Prefeitos se despedem; 139 vão à posse; 2, não

Fernando Ordakowiski         clique na imagem para ampliá-la

Chaparral (Barra), Sachetti (Rondonópolis) e Rossato (Sorriso) deixam prefeitura, após derrota, enquanto Henry é cassado

   Dos 141 municípios, 139 assistem à solenidade de posse de seus novos prefeitos. Destes, 39 foram reeleitos e outros 99 ou se reelegeram ou estão retornando ao posto alguns anos depois. Prefeitos de cidades pólos como os republicanos Adilton Sachetti (Rondonópolis) e Dilceu Rossato (Sorriso), e o comunista Zózimo Chaparral (Barra do Garças) se despedem hoje, após a "surra" nas urnas na tentativa de reeleição. Outros, como Ricardo Henry (PP), de Cáceres, ganhou mais não vai levar, ao menos por enquanto. A posse está assegurada juridicamente para o segundo colocado, ex-prefeito Túlio Fontes (DEM).

     Em dois municípios, a situação continua indefinida e deve haver nova eleição, já que a Justiça Eleitoral cassou o diploma do prefeito eleito de Nova Olímpia, Francisco Soares de Medeiros (PT), e o registro do de Cláudia, Vilmar Gianchini (PMDB). No caso de Santo Antonio de Leverger, Faustino Dias (DEM) conseguiu uma liminar e vai ser diplomado e empossado para o segundo mandato. Em Cláudia e Nova Olímpia, enquanto a população não eleger novo prefeito e vice, quem vai assumir o comando administrativo será o  presidente da Câmara, a ser eleito neste 1º de janeiro.

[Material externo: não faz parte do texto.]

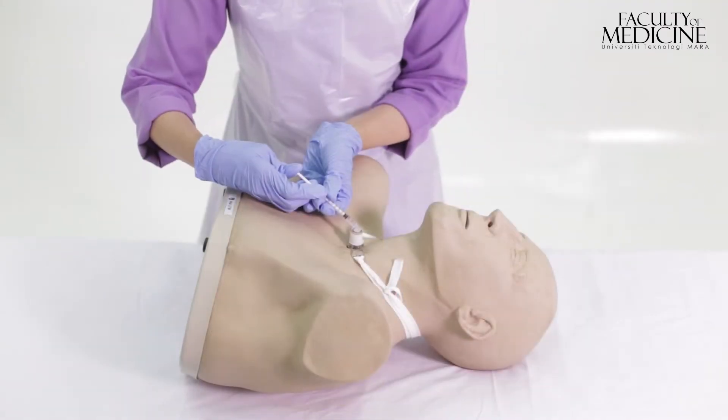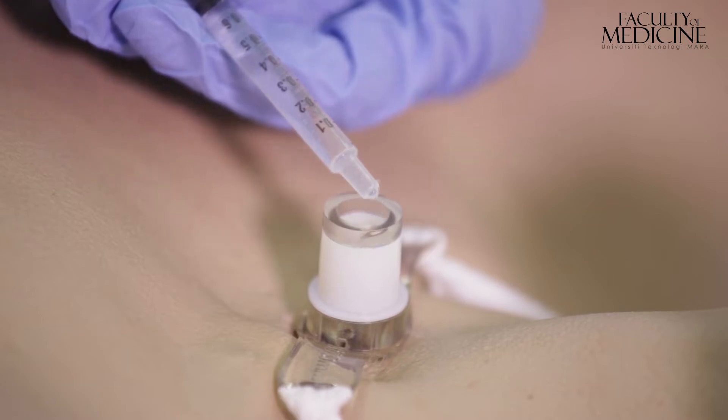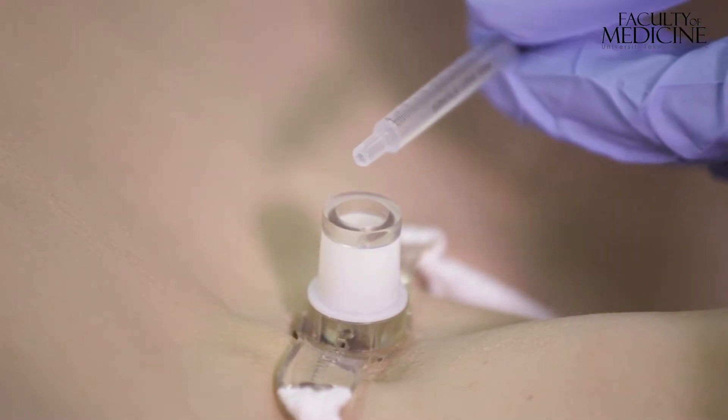Sodium bicarbonate is instilled drop by drop into the inner side of the tracheostomy lumen.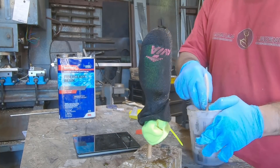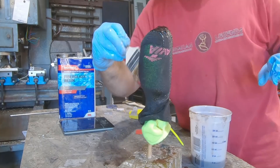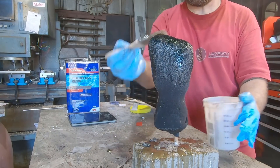On the last sock, if you have extra resin, just keep putting it on until it starts to gel. Once you're out of socks and resin, let it set for 3 or 4 hours — or overnight if you have the time — to harden and fully cure.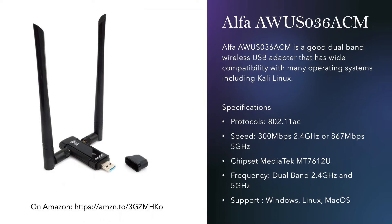The next Alpha AWUS 036 ACHM variant has similar features — speed goes up to 867 megabytes per second, supports all operating systems, is dual band, and the protocol is ACHM. You might not need to install a driver for this one, but there is a chance you might have to.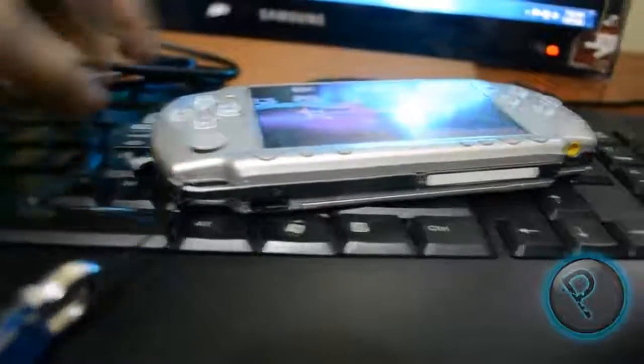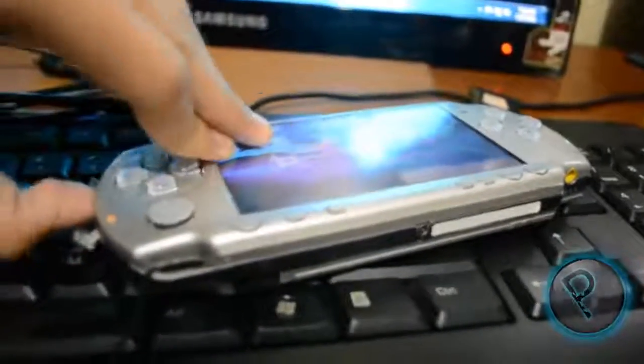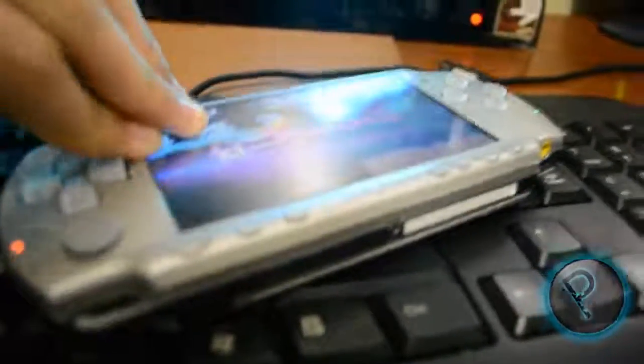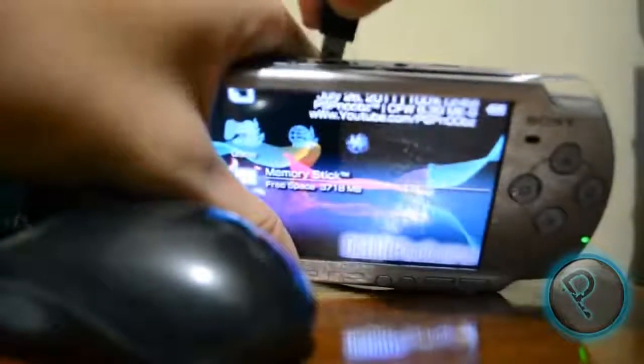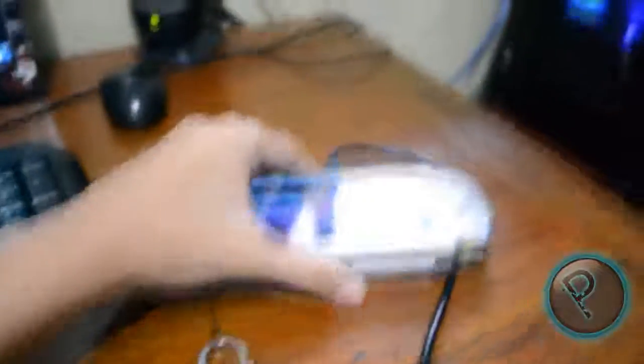Now plug in the memory stick that you want to be a magic memory stick. Insert it in. Now you see here there's nothing on it. Now I will insert this into my computer CPU, and now it's being read.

  Entre os que asseguraram a reeleição estão Wilson santos (Cuiabá), Max  Russi (Jaciara), Pedro Ferreira (Jauru), Augostinho Freitas (Pedra Preta), Clóvis Martins (Poconé), Getúlio Viana (Primavera do Leste), Murilo Domingos (Várzea Grande), Cézar Maggi (Sapezal) e Júlio César Ladeia (Tangará da Serra). 

  O PR é quem mais elegeu prefeitos: 33. O DEM aparece em segundo lugar com 23, seguido do PP (21), PMDB (20), PT (16); PPS (7) e PSDB (6). Os prefeitos peemedebistas de Sinop Juarez Costa; de  Rondonópolis, Zé do Pátio; e de Poxoréu, Ronan Figueredo, chegaram a ficar na "corda bamba", mas conseguiram o direiro de ser empossados, assim como o petista Francisco de Assis, o Diá, de Ribeirão Cascalheira.

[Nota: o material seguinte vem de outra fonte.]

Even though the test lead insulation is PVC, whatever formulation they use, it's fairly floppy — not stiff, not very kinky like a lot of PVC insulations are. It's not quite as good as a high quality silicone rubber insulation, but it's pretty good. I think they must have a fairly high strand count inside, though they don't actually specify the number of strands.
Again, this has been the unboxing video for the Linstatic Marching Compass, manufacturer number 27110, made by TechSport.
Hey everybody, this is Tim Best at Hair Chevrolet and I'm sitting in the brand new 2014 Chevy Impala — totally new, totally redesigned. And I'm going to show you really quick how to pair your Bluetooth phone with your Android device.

   Em General Carneiro e Cáceres, os novos prefeitos não venceram nas urnas. Magali Amorim Vilela (PP) assume em General Carneiro porque o petista Juracy Rezende da Cunha (PT) teve o diploma cassado por crime eleitoral. Em Cáceres, Ricardo Henry teve o registro cassado em dois processos e, assim, abriu caminho para Túlio Fontes. (Patrícia Sanches)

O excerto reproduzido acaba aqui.